Popular Mobile Apps for Finding Local History

This entry is part 3 of 3 in the series: Exploring the Use of Local Histories in Genealogy Research

In last week’s article, we explored three websites that offer a wealth of information on local history: Historypin.org, WhatWasThere.com, and TheClio.com. Each of these sites offers photos, documents, and other digital items pinned to a map that will help you celebrate and learn more about an area’s local history.

“There’s a reason why we need to look at local history,” said professional genealogist Amy Johnson Crow in her 2016 RootsTech presentation. “We need to understand where our ancestors lived because the area where they lived and when they were living there had such an effect on them. We have to understand where they lived because otherwise we’re getting an incomplete picture of who they were.”

This article describes two of the many apps and resources that can help you find information on local history.

Field Trip

Field Trip is an app available for both iOS and Android. This app will help you learn about the local history of the area you are in, as well as information about the hottest restaurants and shopping malls near that location.

“There is a ton of history entries in Field Trip,” said Amy Johnson Crow as she demonstrated the app to the RootsTech audience. “You’ll see things for restaurants and lifestyle places, so it isn’t strictly a history app, but you will also see historic sites that are nearby.”

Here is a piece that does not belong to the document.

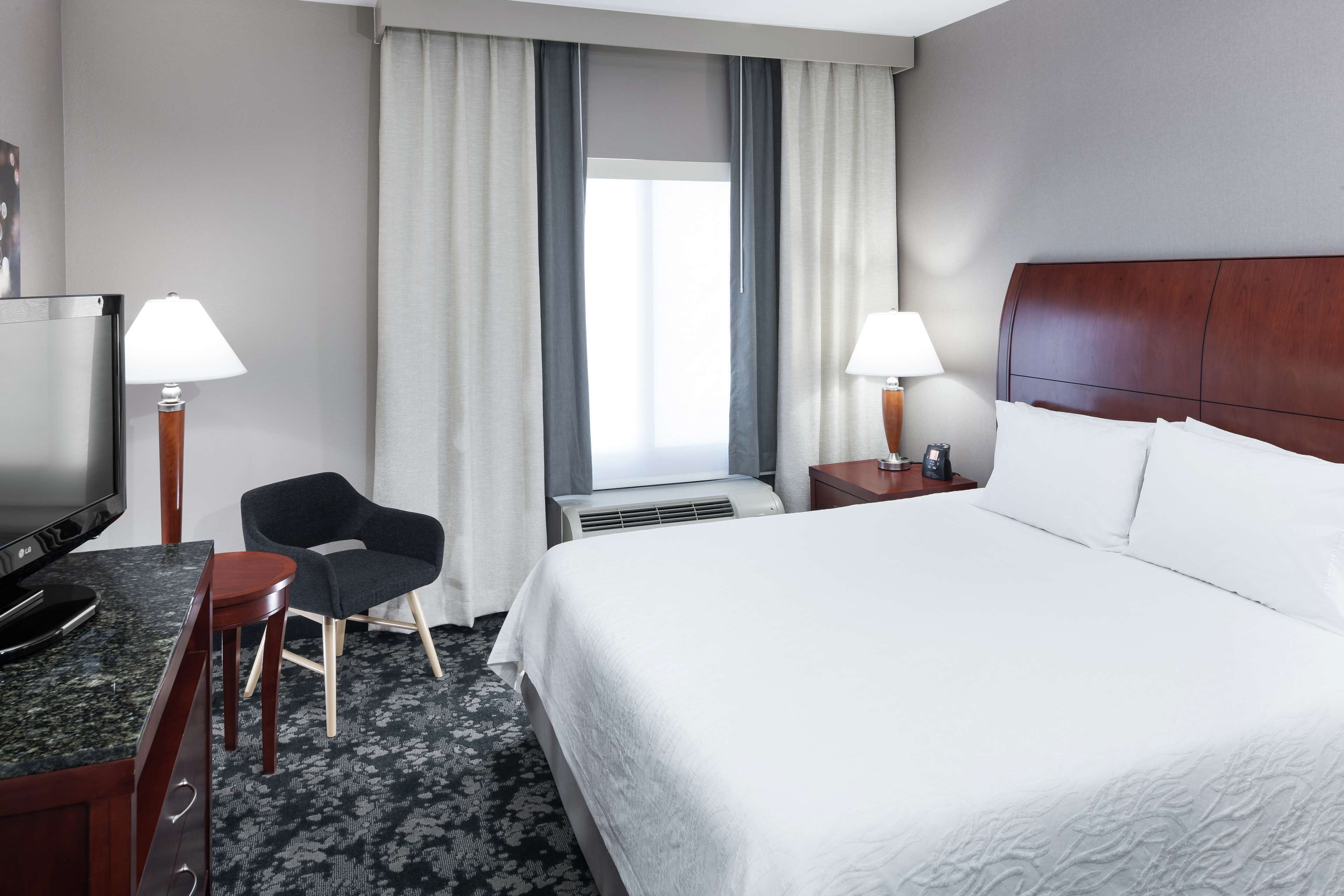 deluxe suite, one king bed | premium bedding, down duvets, pillow-top beds, in-room safe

The Field Trip app functions according to a user’s location, not according to a search.

“This is an app that is very much in the moment,” explained Crow. “It’s very much like, ‘Hey, I happen to be standing here, and what’s the history around me?’ Think about how cool this would be if you’re out on a walking tour with the kids. It’s like, ‘Oh, did you know that over there is such-and-so?’ It’s all based on your location.”

depends on your location, you will need to enable the GPS location settings on your device; otherwise, the app won’t know where you are. Once you’ve opened the app, you’ll see a list of all entries near your general area. One of the suppliers to Field Trip is Arcadia Publishing, so you’ll see a lot of the same photographs that you’re familiar with from Arcadia local history books.

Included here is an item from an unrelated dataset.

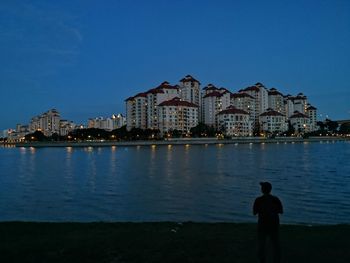 Rear view of illuminated buildings by sea against clear blue sky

Crow says that an app such as this is useful because it can help you think not only of your ancestors’ locations, but it will help you consider the area in which you’re now living.

“No matter what website or app you’re looking at, don’t think only about the locations where your ancestors were living. Think about where you’re living,” she said. “I’m using this app to learn more about my local history.”

Instagram

It’s likely that you’ve already got Instagram installed on your phone. After all, the social app has 400 million monthly active users, according to CNBC. You’re probably pretty skilled at sharing pictures of food or family within the app, but did you know you can also use Instagram to explore local history?

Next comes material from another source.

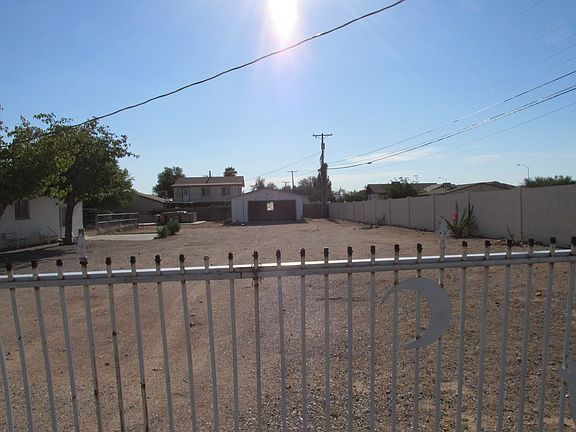 Street looking towards garage, house to left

“If you think Instagram is only for food, vacation, and cat photos, I hope you’ll be pleasantly surprised that there are other things that you can explore,” said Crow. “Two ways you can use Instagram for local history: first, follow users like different libraries and archives and museums; second, follow specific hashtags.”

Crow suggests following accounts such as the Atlanta History Center, the Missouri History Museum, the US National Archives, and the Genealogy Center in Fort Wayne, Indiana.

“It’s amazing what they will take photos of and share,” said Crow.

Hashtags are also a great way to follow a conversation and learn information on local history. Hashtags on Instagram are links that you can click to see all the photos and discussions going on that use the same hashtag.

“But what if we don’t see a photo that has a hashtag that we like?” asked Crow to the RootsTech audience. “We can actually go and search for it. When you’re on Instagram, tap the little magnifying glass icon at the very bottom on the screen.”

By tapping the magnifying glass icon, you can search for information by using place-names or hashtags.

To learn about other ways you can use Instagram for family history, read our post 3 Ways to Use Instagram for Family History.

What mobile apps do you use to explore local histories? Tweet us @RootsTechConf.

See the original post below for all of the related links mentioned in this article:

#genealogy   #familysearch     #apps  
In last week’s article, we explored three websites that offer a wealth of information on local history: Historypin.org, WhatWasThere.com, and TheClio.com. Each of these sites offers photos, d...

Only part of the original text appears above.